Exercise instructions. Find the line in the entries below that contains "Deep Blue Classic Corduroy Dungarees". Repeat it exactly, and every line after it through the line that contains "Hoes voor Nothing".

(Data records)
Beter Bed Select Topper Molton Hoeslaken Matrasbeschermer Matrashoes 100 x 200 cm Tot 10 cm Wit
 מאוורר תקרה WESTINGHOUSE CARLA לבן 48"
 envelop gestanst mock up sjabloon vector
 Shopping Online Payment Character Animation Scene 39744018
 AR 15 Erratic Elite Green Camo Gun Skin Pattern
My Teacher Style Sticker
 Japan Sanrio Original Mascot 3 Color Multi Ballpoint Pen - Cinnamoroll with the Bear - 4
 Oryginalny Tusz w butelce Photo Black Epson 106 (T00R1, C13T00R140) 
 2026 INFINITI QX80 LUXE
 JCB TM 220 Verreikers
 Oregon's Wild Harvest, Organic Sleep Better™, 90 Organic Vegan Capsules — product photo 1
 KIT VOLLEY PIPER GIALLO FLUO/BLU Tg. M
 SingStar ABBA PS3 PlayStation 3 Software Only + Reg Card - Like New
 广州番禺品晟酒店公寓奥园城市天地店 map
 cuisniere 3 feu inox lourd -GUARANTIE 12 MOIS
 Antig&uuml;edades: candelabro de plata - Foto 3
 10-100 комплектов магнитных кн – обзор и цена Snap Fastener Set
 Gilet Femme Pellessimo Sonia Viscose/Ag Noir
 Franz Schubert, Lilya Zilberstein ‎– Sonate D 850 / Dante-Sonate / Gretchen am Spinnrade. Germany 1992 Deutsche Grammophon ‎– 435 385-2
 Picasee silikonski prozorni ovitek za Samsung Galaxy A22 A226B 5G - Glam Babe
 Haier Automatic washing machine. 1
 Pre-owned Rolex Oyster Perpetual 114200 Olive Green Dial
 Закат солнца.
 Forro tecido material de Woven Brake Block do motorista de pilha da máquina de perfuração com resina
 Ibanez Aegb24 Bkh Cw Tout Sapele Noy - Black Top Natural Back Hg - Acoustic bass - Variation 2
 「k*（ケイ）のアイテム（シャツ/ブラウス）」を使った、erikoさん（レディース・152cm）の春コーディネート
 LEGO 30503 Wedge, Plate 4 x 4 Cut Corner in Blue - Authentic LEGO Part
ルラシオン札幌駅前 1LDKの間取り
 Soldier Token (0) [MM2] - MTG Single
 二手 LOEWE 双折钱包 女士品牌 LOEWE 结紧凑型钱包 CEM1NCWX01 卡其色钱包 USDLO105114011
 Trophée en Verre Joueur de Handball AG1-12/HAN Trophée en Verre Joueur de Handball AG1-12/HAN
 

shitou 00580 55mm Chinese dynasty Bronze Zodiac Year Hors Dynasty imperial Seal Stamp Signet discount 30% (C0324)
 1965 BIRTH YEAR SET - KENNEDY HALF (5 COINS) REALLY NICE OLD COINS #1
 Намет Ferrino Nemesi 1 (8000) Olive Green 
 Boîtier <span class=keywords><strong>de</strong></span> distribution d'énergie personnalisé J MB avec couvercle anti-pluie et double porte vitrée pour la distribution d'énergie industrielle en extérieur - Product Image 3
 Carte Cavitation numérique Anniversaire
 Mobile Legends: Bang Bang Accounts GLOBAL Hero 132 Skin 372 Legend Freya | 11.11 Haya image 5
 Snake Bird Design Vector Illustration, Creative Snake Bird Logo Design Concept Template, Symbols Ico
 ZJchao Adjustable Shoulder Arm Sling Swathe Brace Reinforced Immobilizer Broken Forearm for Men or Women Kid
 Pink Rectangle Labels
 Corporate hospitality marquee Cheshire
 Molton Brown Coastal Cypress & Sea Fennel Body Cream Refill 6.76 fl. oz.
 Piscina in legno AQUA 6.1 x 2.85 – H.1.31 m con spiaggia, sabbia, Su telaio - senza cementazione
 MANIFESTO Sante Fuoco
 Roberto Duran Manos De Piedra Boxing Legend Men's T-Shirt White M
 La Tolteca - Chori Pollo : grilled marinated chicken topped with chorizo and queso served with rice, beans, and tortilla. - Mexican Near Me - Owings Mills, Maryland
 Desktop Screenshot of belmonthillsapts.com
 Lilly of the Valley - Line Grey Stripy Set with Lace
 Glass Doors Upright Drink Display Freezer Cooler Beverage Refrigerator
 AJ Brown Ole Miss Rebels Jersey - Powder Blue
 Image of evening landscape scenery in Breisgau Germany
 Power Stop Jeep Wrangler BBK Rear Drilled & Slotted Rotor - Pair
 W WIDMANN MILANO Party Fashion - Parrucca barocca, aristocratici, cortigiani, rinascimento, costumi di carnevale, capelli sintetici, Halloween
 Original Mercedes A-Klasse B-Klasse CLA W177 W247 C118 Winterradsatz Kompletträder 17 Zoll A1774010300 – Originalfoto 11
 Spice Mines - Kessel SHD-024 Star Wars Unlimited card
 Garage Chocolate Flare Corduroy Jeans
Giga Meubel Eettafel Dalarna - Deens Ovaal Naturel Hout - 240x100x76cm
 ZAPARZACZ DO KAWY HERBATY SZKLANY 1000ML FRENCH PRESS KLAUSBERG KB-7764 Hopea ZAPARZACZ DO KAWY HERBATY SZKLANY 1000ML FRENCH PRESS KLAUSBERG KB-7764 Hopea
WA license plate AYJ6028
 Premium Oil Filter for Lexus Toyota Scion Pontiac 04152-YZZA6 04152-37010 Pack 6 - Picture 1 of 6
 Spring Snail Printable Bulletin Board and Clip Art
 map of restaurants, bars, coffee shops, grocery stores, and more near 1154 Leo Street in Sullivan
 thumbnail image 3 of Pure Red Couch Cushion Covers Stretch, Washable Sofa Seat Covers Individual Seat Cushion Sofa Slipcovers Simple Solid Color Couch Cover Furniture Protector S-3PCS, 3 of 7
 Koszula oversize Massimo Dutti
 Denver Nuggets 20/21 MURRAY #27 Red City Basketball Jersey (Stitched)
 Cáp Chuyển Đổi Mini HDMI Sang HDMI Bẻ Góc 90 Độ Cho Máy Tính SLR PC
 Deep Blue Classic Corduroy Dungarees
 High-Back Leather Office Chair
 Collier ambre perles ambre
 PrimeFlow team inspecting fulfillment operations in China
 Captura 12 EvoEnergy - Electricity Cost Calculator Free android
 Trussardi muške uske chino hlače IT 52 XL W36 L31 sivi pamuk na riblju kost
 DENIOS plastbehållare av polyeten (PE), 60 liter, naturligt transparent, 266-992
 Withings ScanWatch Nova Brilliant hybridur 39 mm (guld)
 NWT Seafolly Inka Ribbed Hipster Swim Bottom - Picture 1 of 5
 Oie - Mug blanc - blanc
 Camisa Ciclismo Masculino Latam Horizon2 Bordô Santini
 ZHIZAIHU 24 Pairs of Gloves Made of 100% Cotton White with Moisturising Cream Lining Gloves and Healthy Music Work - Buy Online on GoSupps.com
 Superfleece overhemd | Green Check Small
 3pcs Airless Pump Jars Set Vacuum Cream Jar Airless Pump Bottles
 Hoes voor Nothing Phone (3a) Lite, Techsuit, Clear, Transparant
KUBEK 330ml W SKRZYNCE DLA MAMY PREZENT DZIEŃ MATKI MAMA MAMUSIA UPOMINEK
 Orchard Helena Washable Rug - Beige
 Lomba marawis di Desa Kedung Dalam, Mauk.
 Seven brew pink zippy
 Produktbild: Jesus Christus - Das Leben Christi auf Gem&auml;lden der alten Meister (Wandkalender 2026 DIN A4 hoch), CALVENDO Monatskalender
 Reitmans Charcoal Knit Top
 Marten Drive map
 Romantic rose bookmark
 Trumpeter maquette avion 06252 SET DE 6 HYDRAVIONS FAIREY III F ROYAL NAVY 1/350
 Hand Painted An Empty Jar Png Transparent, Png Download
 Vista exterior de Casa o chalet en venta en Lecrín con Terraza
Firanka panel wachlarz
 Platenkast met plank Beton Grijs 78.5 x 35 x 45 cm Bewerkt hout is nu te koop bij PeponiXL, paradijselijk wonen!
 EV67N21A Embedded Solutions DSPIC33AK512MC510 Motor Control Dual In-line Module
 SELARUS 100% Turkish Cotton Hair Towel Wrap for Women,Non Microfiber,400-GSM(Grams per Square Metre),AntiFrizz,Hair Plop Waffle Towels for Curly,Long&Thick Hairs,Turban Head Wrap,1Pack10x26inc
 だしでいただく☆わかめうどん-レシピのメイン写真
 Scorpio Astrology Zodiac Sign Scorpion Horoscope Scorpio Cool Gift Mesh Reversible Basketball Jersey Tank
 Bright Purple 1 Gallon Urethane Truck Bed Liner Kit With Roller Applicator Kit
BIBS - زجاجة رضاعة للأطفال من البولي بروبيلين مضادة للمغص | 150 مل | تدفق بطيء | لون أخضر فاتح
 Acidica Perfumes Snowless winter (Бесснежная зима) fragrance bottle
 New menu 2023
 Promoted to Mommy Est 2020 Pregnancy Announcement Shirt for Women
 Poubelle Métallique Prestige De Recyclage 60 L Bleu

Task result.
 Deep Blue Classic Corduroy Dungarees
 High-Back Leather Office Chair
 Collier ambre perles ambre
 PrimeFlow team inspecting fulfillment operations in China
 Captura 12 EvoEnergy - Electricity Cost Calculator Free android
 Trussardi muške uske chino hlače IT 52 XL W36 L31 sivi pamuk na riblju kost
 DENIOS plastbehållare av polyeten (PE), 60 liter, naturligt transparent, 266-992
 Withings ScanWatch Nova Brilliant hybridur 39 mm (guld)
 NWT Seafolly Inka Ribbed Hipster Swim Bottom - Picture 1 of 5
 Oie - Mug blanc - blanc
 Camisa Ciclismo Masculino Latam Horizon2 Bordô Santini
 ZHIZAIHU 24 Pairs of Gloves Made of 100% Cotton White with Moisturising Cream Lining Gloves and Healthy Music Work - Buy Online on GoSupps.com
 Superfleece overhemd | Green Check Small
 3pcs Airless Pump Jars Set Vacuum Cream Jar Airless Pump Bottles
 Hoes voor Nothing Phone (3a) Lite, Techsuit, Clear, Transparant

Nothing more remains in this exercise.